## Activity
All of the data should be repeated exactly; pictures are not part of the copy.

## Data segment
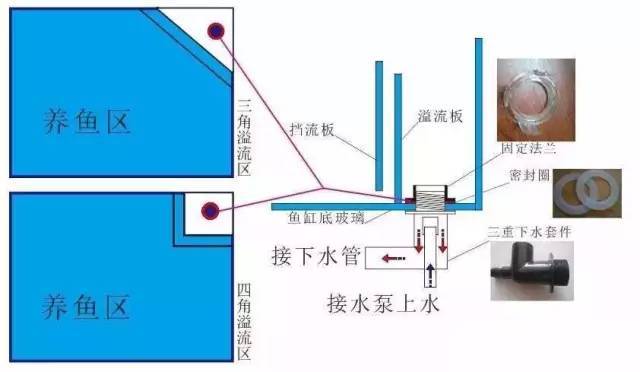 底滤鱼缸工作原理图解说明，背滤鱼缸怎么提高过滤效果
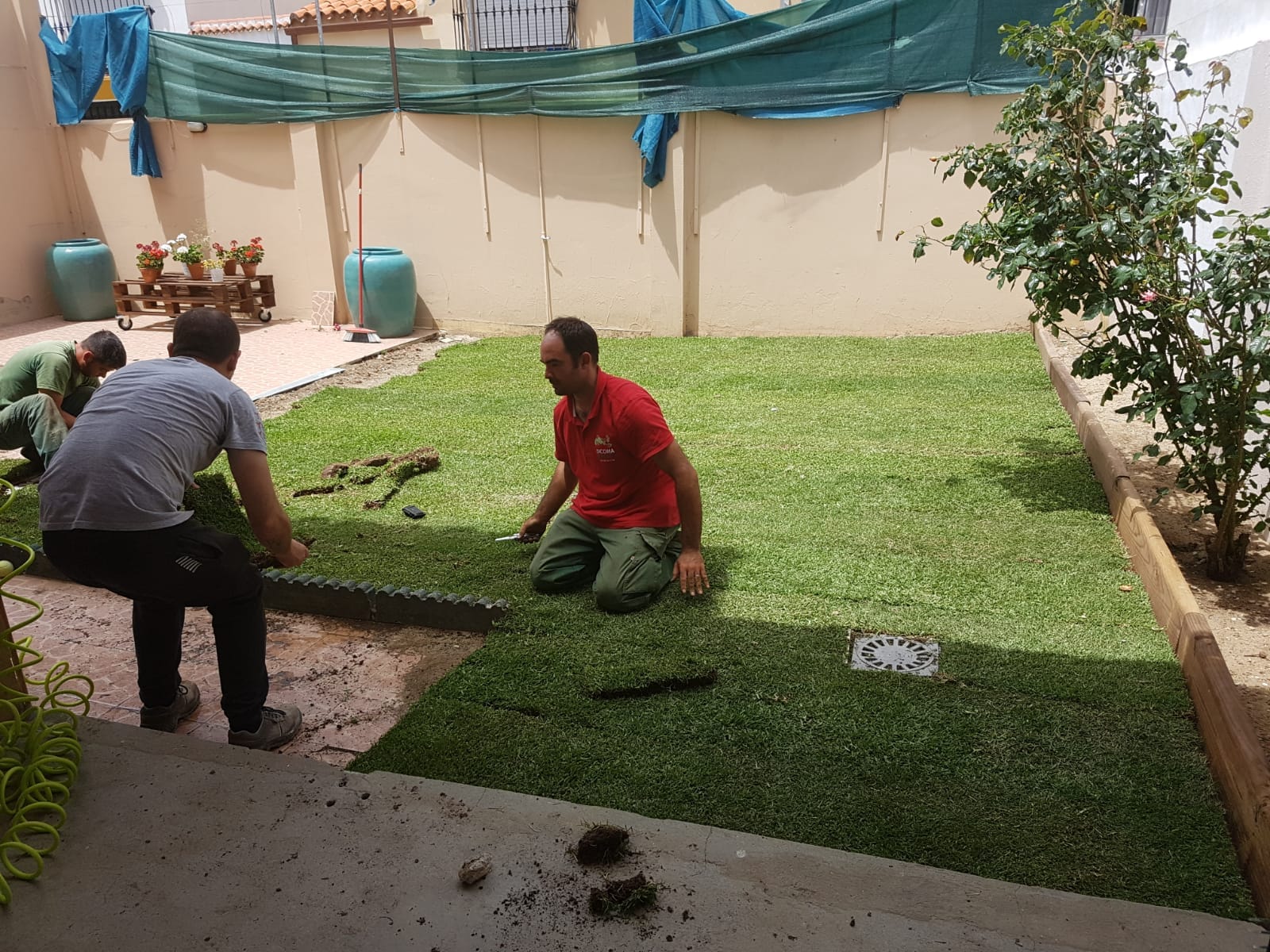 Operarios montando un jardín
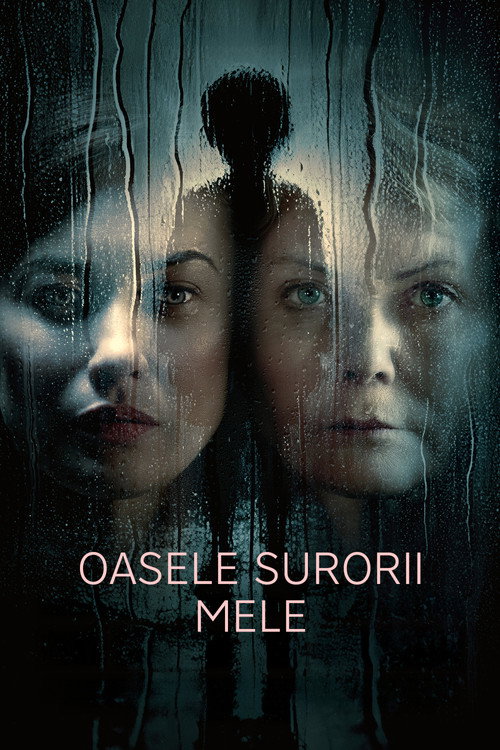 My Sister's Bones poster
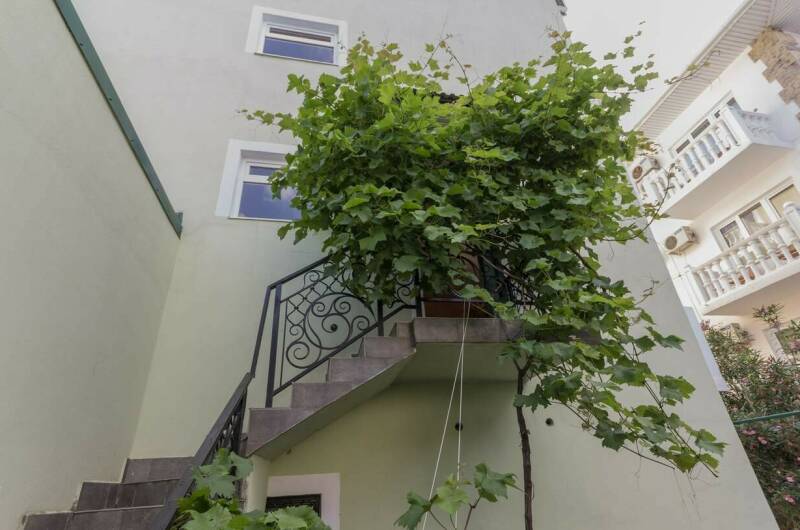 Изображение Изображение гостиницы &quot;Мини-гостиница «Фазелис»&quot; #5 #5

## Solution to this task
 底滤鱼缸工作原理图解说明，背滤鱼缸怎么提高过滤效果
 Operarios montando un jardín
 My Sister's Bones poster
 Изображение Изображение гостиницы &quot;Мини-гостиница «Фазелис»&quot; #5 #5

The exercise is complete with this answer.